If self threading screws, accumulated out-of-tolerance buildup, warpage, impact resistance, cosmetic appearance, assembly to other parts and snap fits are not perfect, it's the scrap bin for expensive production.
Self threading screws, accumulated out-of-tolerance buildup, warpage, impact resistance, cosmetic appearance, assembly to other parts and snap fits are just a few of the critical design concerns every engineer faces. If all that—and more—is not perfect, it's the scrap bin for expensive production molds and the red side of the ledger for wasted programming, machine time and materials.
To try to avoid the financial loss and negative impact on production scheduling, some manufacturers have tried Stereolithography. While right for some applications, parts molded by UV laser are formed slowly and, worse, the SL epoxy can not be used in process applications and testing. Valid comparisons are said to be out of the question, even though each part can cost well into the thousands of dollars.
Imagine how popular a business could become if it could offer their customers production-quality molded parts at a fraction of the cost and time of production tooling: real parts that can be fully tested; true-material molding that confirms gating, injection, ejection—all process characteristics—without the high cost of production molds. Jay Riddle's Corona, California-based Advanced Technology (AT) does just that, and business is good.
Three years ago, Mr. Riddle and his people were working product development with major producers when they decided that Advanced Technology, true to its name, could combine its total-CNC operation with powerful PC-based Mastercam AE software to make a quantum leap into 10-day parts prototyping. According to Mr. Riddle, "The basic idea is simple: build a real part as quickly as possible." That, he says, gives AT's customers the competitive advantage of a significantly faster learning curve in putting that part into production.

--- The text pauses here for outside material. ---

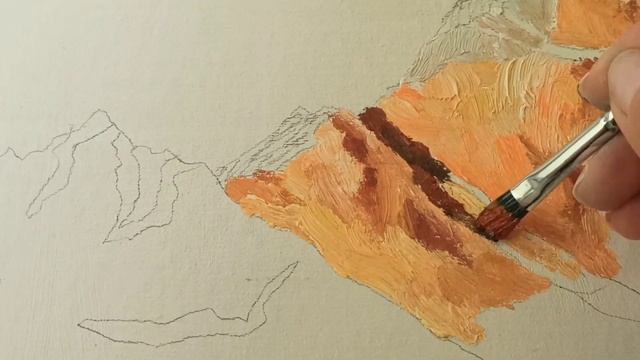 Горы в непогоду. ПРОСТАЯ КАРТИНА маслом. Процесс создания горного пейзажа
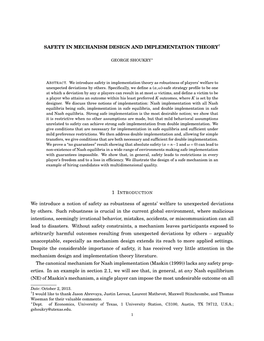 Safety in Mechanism Design and Implementation Theory†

Mr. Riddle asserts that, though three weeks is the typical time needed to design a mold, Advanced Technologies designs molds for small- to medium-size production parts in one day. That's a real economy for projects requiring, say, only 5,000 parts over a two-year production schedule, saving the cost-per-piece amortization of very expensive tooling. The cost of market sampling for products on the very volatile consumer market—cellular phones, for example—is similarly reduced.
Here's how they do it. Advanced Technology takes inventory of every part needed to build a mold. When customers' designs are received, precut core and cavity insert blanks are machined to spec and plugged into the proprietary mold base. That's Mr. Riddle's competitive edge in a nutshell.
Most customers e-mail ProEngineer files or surface trimmed IGES files to Advanced Technology where the ProEngineer files are converted to IGES. Since each of the company's CNC machines is linked to a dedicated PC running Mastercam (by CNC Software, Tolland, Connecticut), these files are translated into IGES and imported directly into the Mastercam program. Other moldmakers confirm that the program lets them import ACIS (solids), DXF, CADL, VDA, DWG—virtually any format—with ease.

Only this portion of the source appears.